It is well known that naturally occuring networks can have different structures: for example, every node may be connected to a fixed number of neighbors, or additional connections to "distant" nodes may create a "small-world" structure, or some nodes may be connected to far more nodes than others, as in a "scale-free" or power-law structure (see figure).
Network structure is presumed to be important in determining behavior: for example, how fast information propagates and ability to evolve. But how do you do controlled experiments on the properties of different structures? The problem is that the networks like the Internet and ecological networks can't be easily changed.

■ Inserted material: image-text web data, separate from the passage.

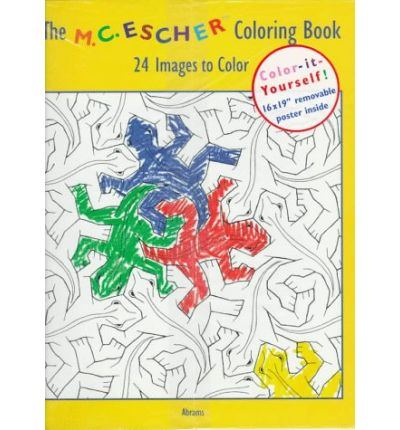 trysterobooks's tweet photo. How to mess with your kid's head: M. C. Escher colouring book @bookdepository http://t.co/hMBchmlpFP http://t.co/QeUAisGL8Z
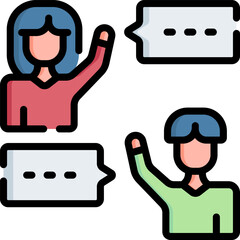 communication Illustration on a white background.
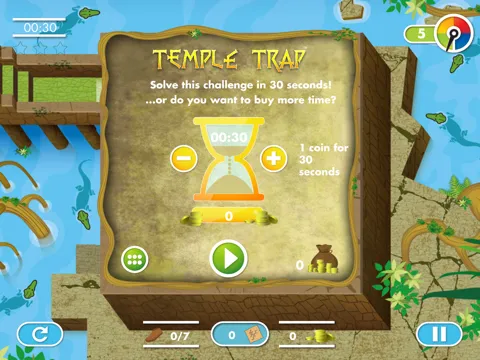 Captures d'écran de Temple Trap Free by SmartGames iPad 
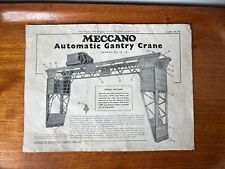 Vintage meccano leaflet for sale  TRURO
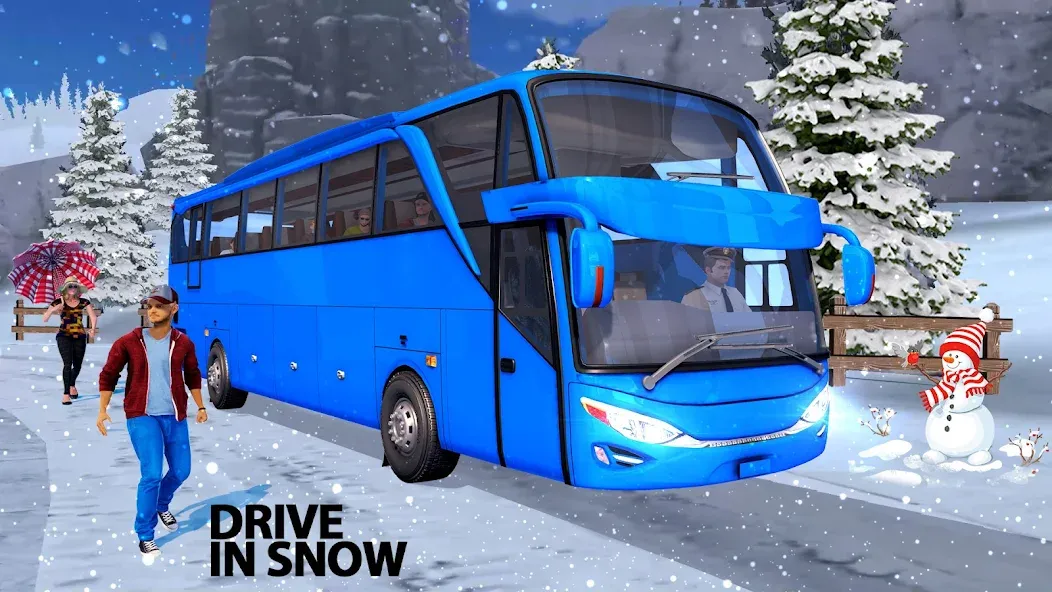 Modern Bus Simulator: Bus Game [MOD: безлимитные деньги и топливо] Screenshot 2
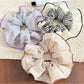 Gifty - Plaid Patchwork Mesh Ruffled Scrunchie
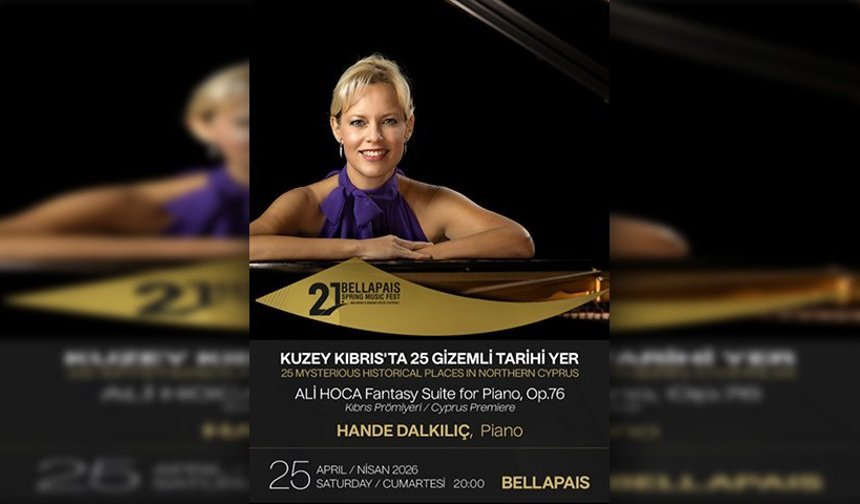 Bellapais İlkbahar Müzik Festivali, “Kuzey Kıbrıs’ta 25 gizemli tarihi yer" eserinin ilk Kıbrıs prömiyeri ile devam edec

In a beautiful series of experiments, Michael Kearns, Siddharth Suri, and Nick Montfort took a class of undergraduate students and asked them to solve various graph coloring problem. In each experiment, each of a set of students was connected (by computer) with other students in some network, and was then asked to select a color for his/her node that was different from those of his/her neighbors. This process continued until the graph coloring problem was "solved," meaning that a consistent set of colors was assigned.
The authors found that the time to solution varied greatly according to both the network structure and the amount of information provided about neighbors. The abstract:
Theoretical work suggests that structural properties of naturally occurring networks are important in shaping behavior and dynamics. However, the relationships between structure and behavior are difficult to establish through empirical studies, because the networks in such studies are typically fixed. We studied networks of human subjects attempting to solve the graph or network coloring problem, which models settings in which it is desirable to distinguish one's behavior from that of one's network neighbors. Networks generated by preferential attachment [i.e., scale-free] made solving the coloring problem more difficult than did networks based on cyclical structures, and "small worlds" networks were easier still. We also showed that providing more information can have opposite effects on performance, depending on network structure.